Yesterday I wrote about Gov Deval Patrick’s praise for Orchard Gardens, a Boston school with a tenuous one-year record of progress, noting that the governor had passed up the opportunity to highlight a truly remarkable Massachusetts turnaround he knows well–that of Brockton High, the largest high school in the state. I also suggested that one reason for Gov. Patrick’s choice is that Orchard Gardens, which fired 80 percent of its teachers (it also had six principals in its first seven years of operation), better fits the traditional education-reform narrative, which disproportionately scapegoats teachers for the problems with schools. By contrast, Brockton has pursued a teacher-driven literacy strategy that has produced, over the course of a decade, dramatic improvements in test scores and graduation rates for its students, most of whom are poor and either Latino or African-American.
Diane Ravitch picked up my post on her blog, and Susan Szachowicz, the long-time principal of Brockton High, saw it and wrote me this email:
I forwarded Diane Ravitch’s blog and your article to our entire faculty. What a great lift for us to begin our year. It is so funny that you did this because we were all pouting that he [Gov. Patrick] highlighted Orchard Gardens for all the reasons that you said.

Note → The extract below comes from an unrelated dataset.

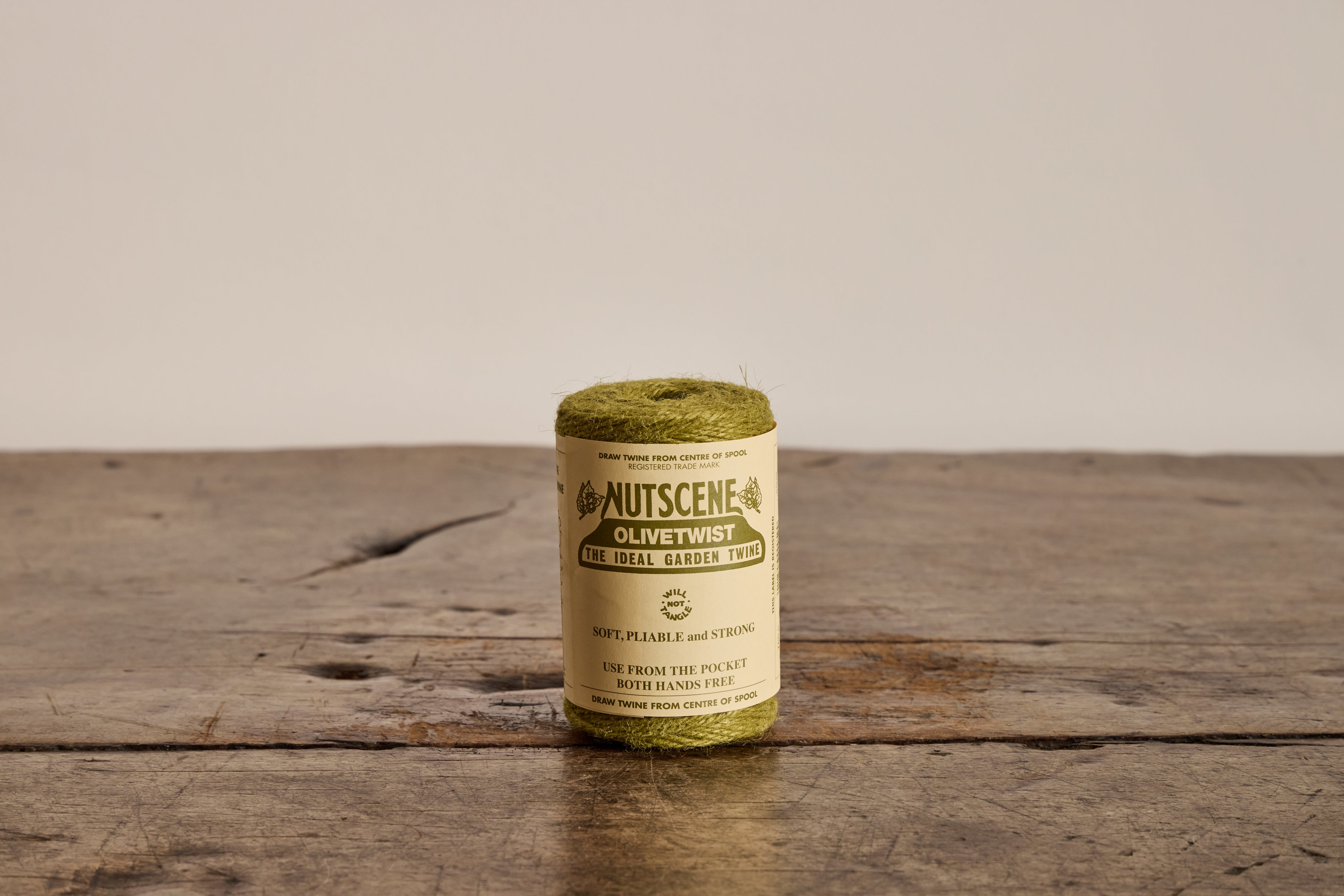 Jute Twine Spool, Olive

And here’s the most incredible news – we have yet another significant improvement in our scores for this year! We are SOOOO excited, I feel like we shattered the four minute mile. And here’s the part that’s the best – you hit on it. We have had a decade of that slow, consistent, sustained improvement. I think that’s the most impressive part of our story. It was not about a sudden one time only improvement; we did have that at the beginning. But I think what’s best about our story is the consistent, sustained improvement. We are so proud of that. We can’t wait to release the scores. Right now they are still embargoed by the state, but when we can release them we will SHOUT them out.
A system designed for consistent, sustained improvement is what’s missing in most education reform efforts. For all of Brockton’s success, it has been largely ignored by the “reformers,” including Arne Duncan, Michelle Rhee and the Gates Foundation, none of whom has ever been to the school. But Gov. Patrick has visited Brockton; if he wanted to highlight a school with a proven track record of improvement, why didn’t he pick Brockton?